There are times when it very much feels like - even when we are moving forward - we're still spinning our wheels.
Take Highways Minister Don McMorris's recent announcement of a pilot project that will convert thin-membrane surface (TMS) paved highways into supergrid roads that will better accommodate heavy oil tanker and grain haul traffic.
It's a very good idea.
The idea of these "supergrids" - wider and stronger grids capable of withstanding the heavier truck traffic than thin membrane surface (TMS) or regular grid roads - was unveiled in the March 19 budget.
"What we're doing is we're starting more or less from scratch and we're engineering the road to be a strong base that will carry primary weight," McMorris explained.
The new initiative will begin with two pilot projects totalling about 37 kilometres - 31 kilometres of Highway 361 from the junction of Highway 9 east to Alida and 5.5 kilometres of Highway 47 about 20 kilometres north of Stoughton. Oil tankers have been particularly brutal on these roads.
"It's been in bad shape for about 20 years and it's getting worse and worse," Dennis Hull, councillor for the RM of Alida, recently told reporters.
Costing about $400,000 a kilometre, that will total $14.8 million for the 37 kilometres , supergrids are about half the normal paving cost.
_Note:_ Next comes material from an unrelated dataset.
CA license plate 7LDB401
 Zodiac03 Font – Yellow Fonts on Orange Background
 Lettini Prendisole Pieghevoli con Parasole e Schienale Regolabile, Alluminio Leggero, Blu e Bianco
If successful, McMorris suspects a much higher portion of the provincial highways budget - $664.5 million in 2014-15 - will be going to supergrids in the future. And given that both Manitoba and Alberta have already had success with supergrids, there`s every reason to believe they will be successful.
But all this begs another important question: Why wasn`t this done before?
Well, you may recall that there similar notions put forward 20 years ago by an NDP government desperate to save cash and deal with the debt left behind by the Progressive Conservatives.
Around in 1993 when then-NDP highways minister Berny Wiens first contemplated "turning highways back to gravel".
You also might remember the vehement opposition at the time, strictly based on the notion that this would be a step backwards.
Admittedly, the talk at the time from the NDP government wasn't about a better alternative to the TMS highways - a bad idea in the first place that showed little foresight.
Many will also remember that period as one where rural Saskatchewan was already angry with the then Roy Romanow government for breaking the Gross Revenue Insurance Plan (GRIP) contracts with farmers and closing 52 rural hospitals. So even if Wiens had a better, bolder plan at the time, rural Saskatchewan was certainly in no mood to listen.
But maybe that's one of the big problems in this province - one of the things that held Saskatchewan back for so many years.
Yes, rural Saskatchewan has ample reason to criticize the New Democratic government of the past. By the end of its 16-year run, the NDP felt no need to either field serious candidates or campaign in the rural areas.
But we all know that rural Saskatchewan has never looked to the NDP - or any governing party in Regina, for that matter - for its leadership.
Surely, sometime in the 16 years of NDP leadership or the last seven years of Sask. Party governance, someone from the Saskatchewan Association of Rural Municipalities could have championed an idea like supergrids. And, surely, any government would have supported, if it saved costs.
But as big a problem as it is to get governments to listen, getting local leadership to think beyond the confines to the township might be an even bigger problem.
And in a growing, changing province, we do need to think differently.
Unfortunately, as has been the case with the supergrids, we are sometimes just spinning our wheels.
Murray Mandryk has been covering provincial politics for over 22 years.